Long answer: when computing power was limited, hardware RAID cards had the significant advantage to offload parity/syndrome calculation for RAID schemes involving them (RAID 3/4/5, RAID6, ecc).

However, with the ever increasing CPU performance, this advantage basically disappeared: even my laptop's ancient CPU (Core i5 M 520, Westmere generation) has XOR performance of over 4 GB/s and RAID-6 syndrome performance over 3 GB/s per single execution core.

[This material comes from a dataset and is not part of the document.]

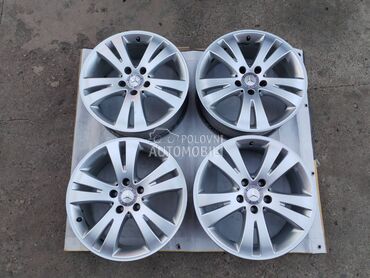 Aluminijumske felne Borbet 17" 5 x 112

The advantage that hardware RAID maintains today is the presence of a power-loss protected DRAM cache, in the form of BBU or NVRAM. This protected cache gives very low latency for random write access (and reads that hit) and basically transforms random writes into sequential writes. A RAID controller without such a cache is near useless. Moreover, some low-end RAID controllers do not only come without a cache, but forcibly disable the disk's private DRAM cache, leading to slower performance than without RAID card at all. An example are DELL's PERC H200 and H300 cards: they totally disable the disk's private cache and (if newer firmware has not changed that) actively forbid to re-activate it. Do yourself a favor and do not, ever, never buy such controllers. While even higher-end controllers often disable disk's private cache, they at least have their own protected cache - making HDD's (but not SSD's!) private cache somewhat redundant.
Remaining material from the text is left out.